Una nuova area del cervello è implicata nei meccanismi alla base dell’insorgenza del morbo di Alzheimer. Il risultato dell’ultima ricerca, pubblicato sul Journal of Alzheimer’s Disease, potrebbe rivoluzionare il modo di trattare il morbo di Alzheimer e rappresentare anche un passo significativo nelle modalità di diagnosi di questa malattia neurologica. Ne parliamo con la professoressa Michela Matteoli, responsabile del Neurocenter di Humanitas e direttore dell’Istituto di Neuroscienze del CNR.

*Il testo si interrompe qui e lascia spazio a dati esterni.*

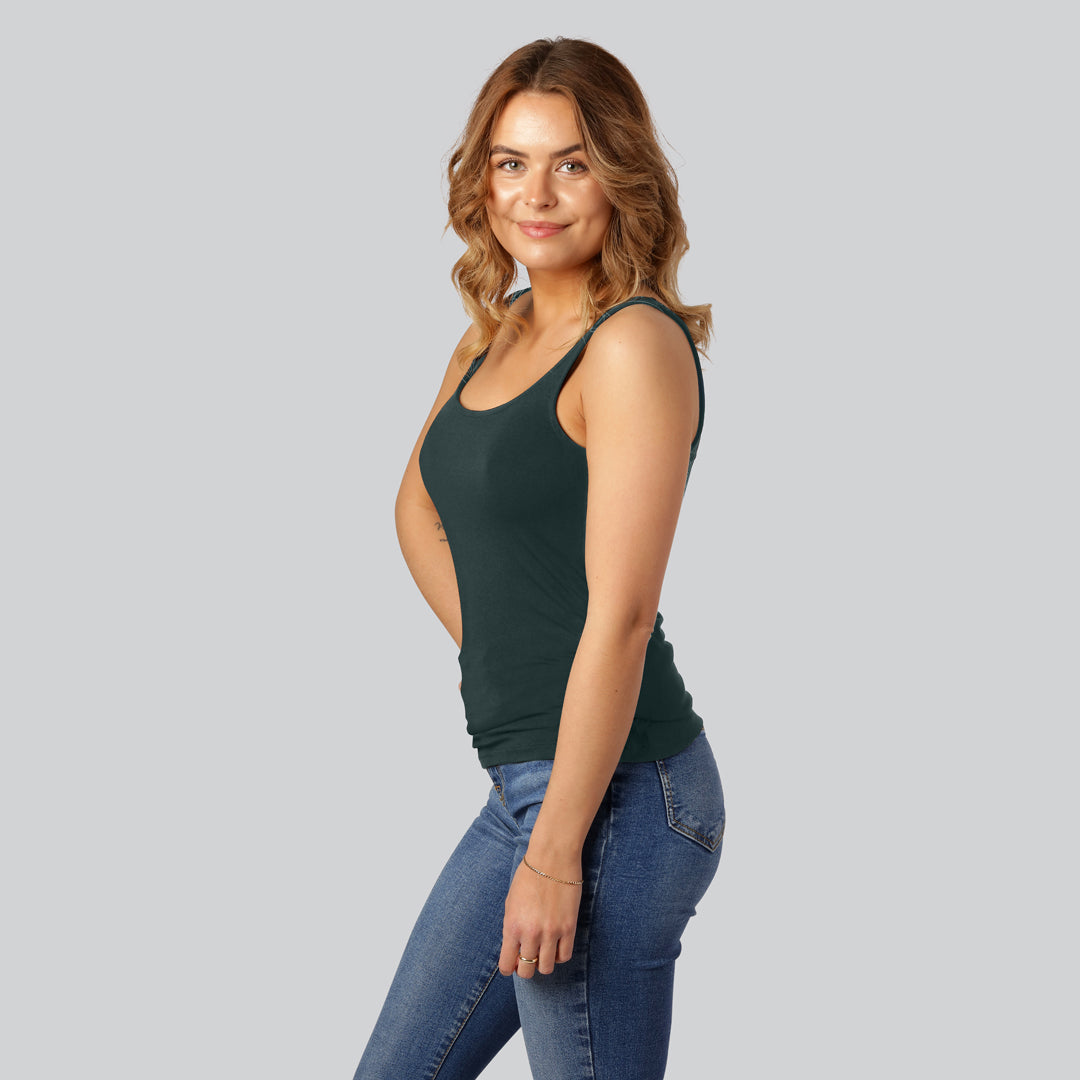 Grönt bambutopp med breda axelband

Lo studio e i suoi risultati pubblicati sul Journal of Alzheimer’s Disease
Per la prima volta in uno studio su pazienti, è stato scoperto dagli scienziati italiani il ruolo chiave di una piccola regione cerebrale, l’area tegumentale ventrale, nella malattia di Alzheimer. Se questa area (deputata al rilascio di una importante molecola ‘messaggera’ del cervello, la dopamina) funziona poco, ne risente il ‘centro’ della memoria, l’ippocampo, e di conseguenza anche la capacità di apprendere e ricordare. Resa nota sul Journal of Alzheimer’s Disease, la scoperta potrebbe rivoluzionare sia la diagnosi precoce, sia le terapie per questa forma di demenza, spostando l’attenzione su farmaci che stimolano il rilascio di dopamina. Autrice dello studio è Annalena Venneri, dello Sheffield Institute for Translational Neuroscience (SITraN) in Gran Bretagna, spiega: “La nostra scoperta indica che se l’area tegmentale-ventrale (VTA) non produce la corretta quantità di dopamina per l’ippocampo, questo non funziona più in modo efficiente e la formazione dei ricordi risulta compromessa”. Si tratta del primo studio al mondo che dimostra questo collegamento negli esseri umani.
Il commento di Humanitas
“Lo studio appena pubblicato su Journal of Alzheimer’s Disease conferma sull’uomo quanto già dimostrato un anno fa su modelli preclinici da un gruppo di ricercatori del Campus Biomedico e dell’Irccs Santa Lucia e pubblicato su Nature Communication – ha detto la Prof.ssa Matteoli -. I ricercatori, guidati dal Prof. D’Amelio, avevano scoperto, nel topo, una relazione tra la morte dei neuroni dell’area tegmentale ventrale, area in cui si produce la dopamina, e il cattivo funzionamento dell’ippocampo, l’area deputata alla formazione dei ricordi. Questi due studi hanno aperto la strada a sperimentazioni cliniche che valutino se farmaci ‘agonisti-dopaminergici’, che promuovono cioè l’attivazione delle vie della dopamina, siano in grado di stimolare la plasticità cerebrale e quindi la conservazione delle facoltà cognitive quando somministrati a pazienti con malattia di Alzheimer”.